The mother of a murder victim whose body has never been found is hoping new information will come to light – now her daughter’s killer has died.
Marie McCourt is wondering whether friends or family of Ian Simms, who may have been too scared to speak out while he was alive, will do so now.
It is a “great relief knowing that this man is at last wiped off this earth,” Mrs McCourt told the Mirror.
Her daughter Helen, 22, was abducted and murdered in 1988, disappearing on her way home from work.
Despite been found guilty on DNA evidence the following year and sentenced to life in prison, Simms, who was in his mid-60s, always maintained his innocence.
The former pub landlord was released from jail with a tag in 2020, shortly before the implementation of a new law which may have kept him inside.
Marie McCourt, who lives on Merseyside, campaigned for the Prisoners (Disclosure of Information About Victims) Act.

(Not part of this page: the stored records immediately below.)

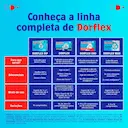 Dorflex UNO para Enxaqueca Dipirona Monoidratada 1g 10 comprimidos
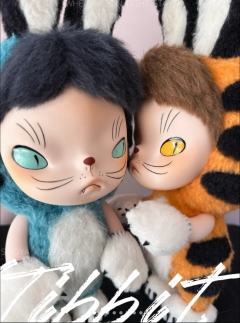 Tibbit Ban Plus 蓝-资料图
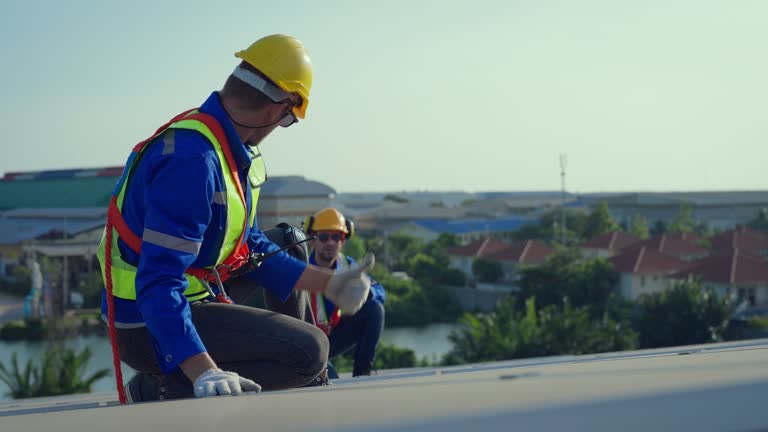 Best Hot Roofs  in Sugarland Run, VA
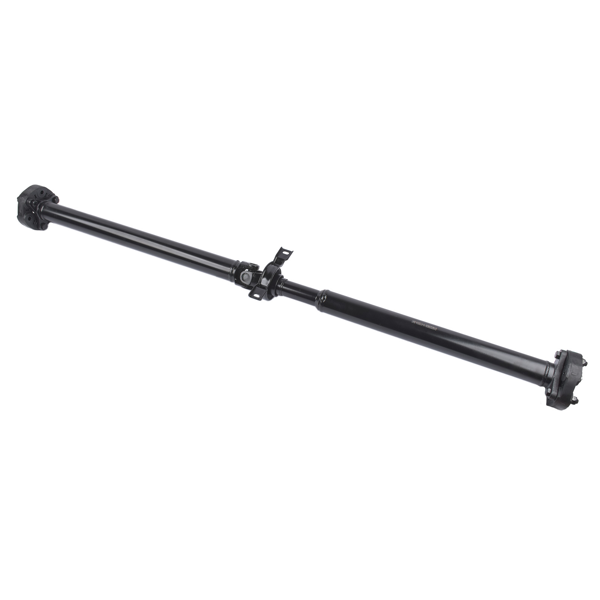 传动轴 Rear Drive Shaft Fits Select: 2008-2014 Auto Transmission Cadillac CTS Coupe Sedan Wagon Black 1Pc-5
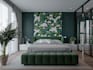 make design and make photorealistic renders for your bedroom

Dubbed Helen’s Law, it makes it harder for killers and paedophiles who withhold information on their victims to receive parole.
Mrs McCourt, 78, said: “I’m hoping now maybe (Simms) spoke to somebody in prison or maybe one of his friends or family who were perhaps too scared to come forward when he was alive, (and) will do so now.
“I just pray now that somebody may have some details of where he said he had done it.”
She added: “It breaks my heart – not just mine, but all families who’ve had loved ones taken.
“It’s hard to lose a child through illness. It’s worse when someone deliberately takes her life.”
Mrs McCourt said it was “just so very, very, sad” that Simms did not reveal where he buried her daughter.
“Even killers have a right to have a grave or something in an area where you can go and put flowers,” she said. “We can’t do that.”
Mrs McCourt, who still searches for her daughter’s body, said she feared for her safety after Simms was released.
“I was worried he would sneak up here,” she said.
“He was not allowed to come within a 50 mile radius of where we live. That exclusion zone included the areas we have been searching.
“But it would give me sleepless nights. I would have palpitations when I was out… seeing someone who looked like him.”
Mrs McCourt failed in a legal bid to overturn a decision to release Simms in 2020.